Records provided:

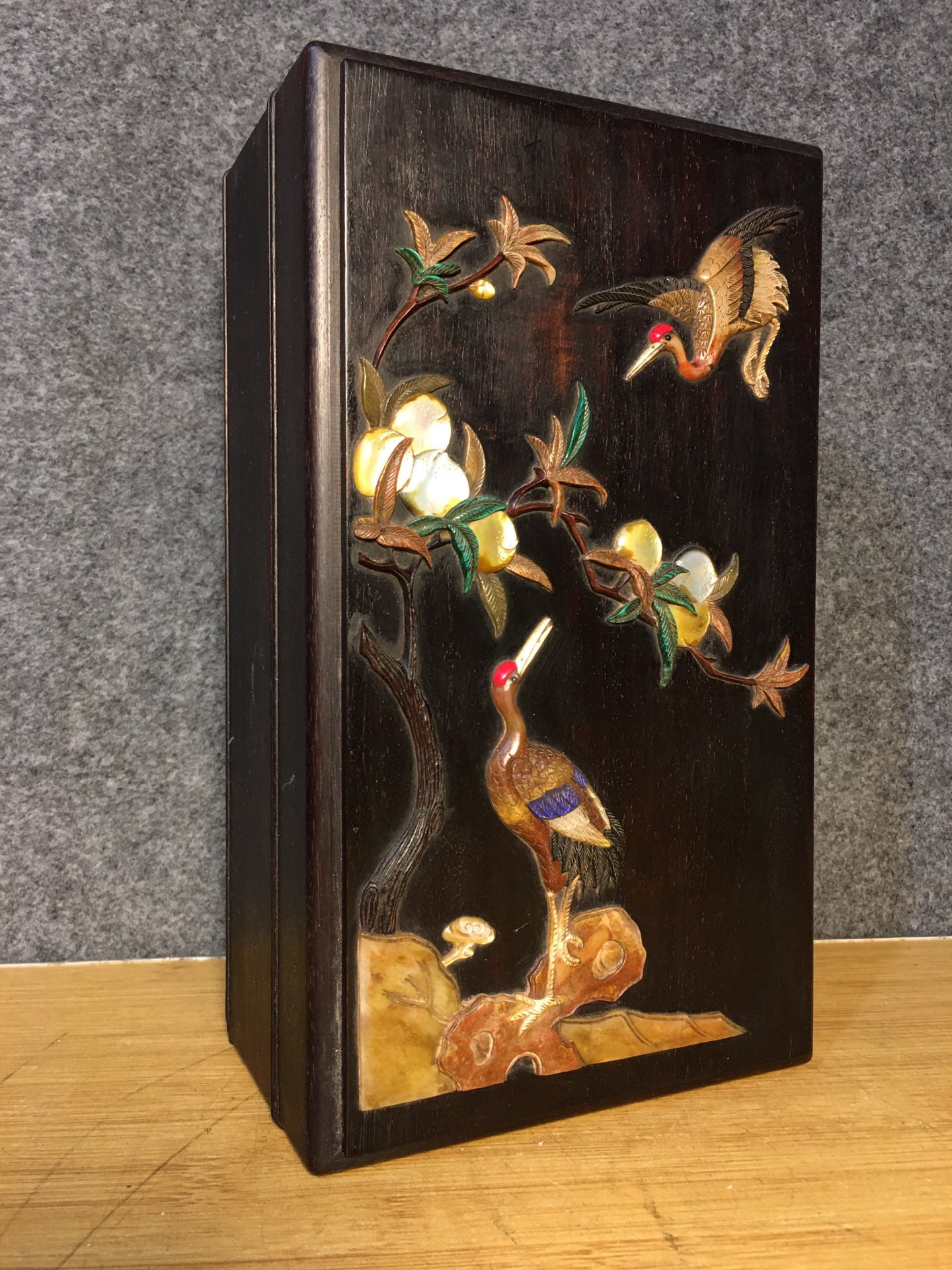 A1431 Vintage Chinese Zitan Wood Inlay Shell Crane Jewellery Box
---
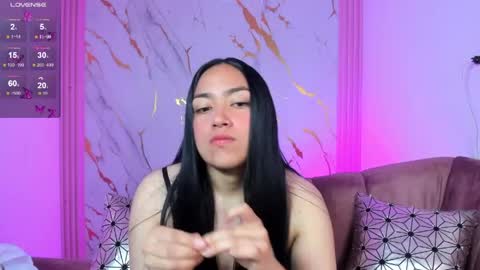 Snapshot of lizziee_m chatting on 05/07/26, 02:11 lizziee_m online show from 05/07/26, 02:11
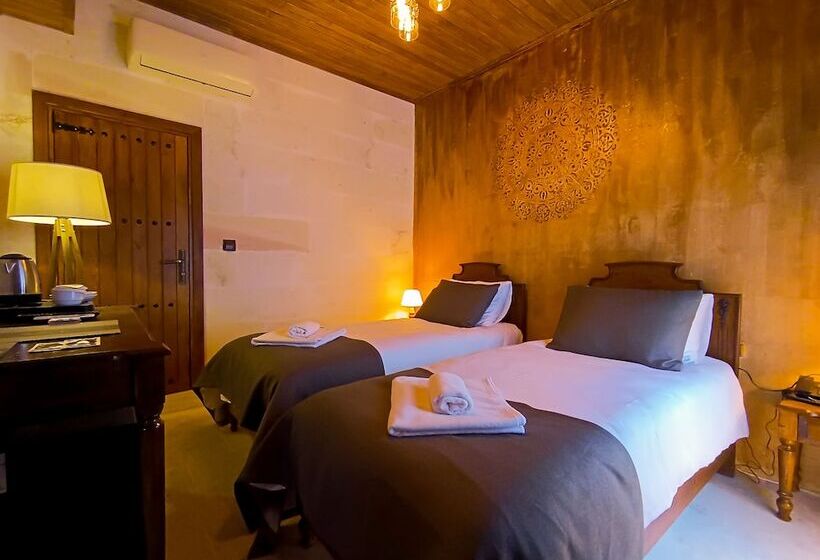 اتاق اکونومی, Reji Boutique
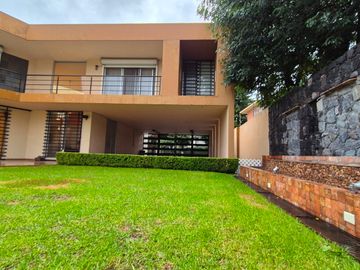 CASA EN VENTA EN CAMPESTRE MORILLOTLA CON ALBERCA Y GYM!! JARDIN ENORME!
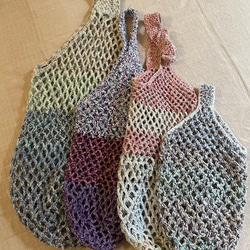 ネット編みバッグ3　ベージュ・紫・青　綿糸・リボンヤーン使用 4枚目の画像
* * *
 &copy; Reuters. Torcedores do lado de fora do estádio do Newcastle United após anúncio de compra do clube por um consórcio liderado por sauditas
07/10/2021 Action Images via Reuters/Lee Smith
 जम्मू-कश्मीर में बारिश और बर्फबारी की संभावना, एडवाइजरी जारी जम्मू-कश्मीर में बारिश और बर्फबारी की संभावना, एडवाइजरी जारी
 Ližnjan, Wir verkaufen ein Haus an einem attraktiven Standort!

Task details:
Output exactly one stretch of the listing: from the line containing "एडवाइजरी जारी जम्मू-कश्मीर" through the line containing "Ližnjan, Wir verkaufen", both end lines included.

Output for this task:
 जम्मू-कश्मीर में बारिश और बर्फबारी की संभावना, एडवाइजरी जारी जम्मू-कश्मीर में बारिश और बर्फबारी की संभावना, एडवाइजरी जारी
 Ližnjan, Wir verkaufen ein Haus an einem attraktiven Standort!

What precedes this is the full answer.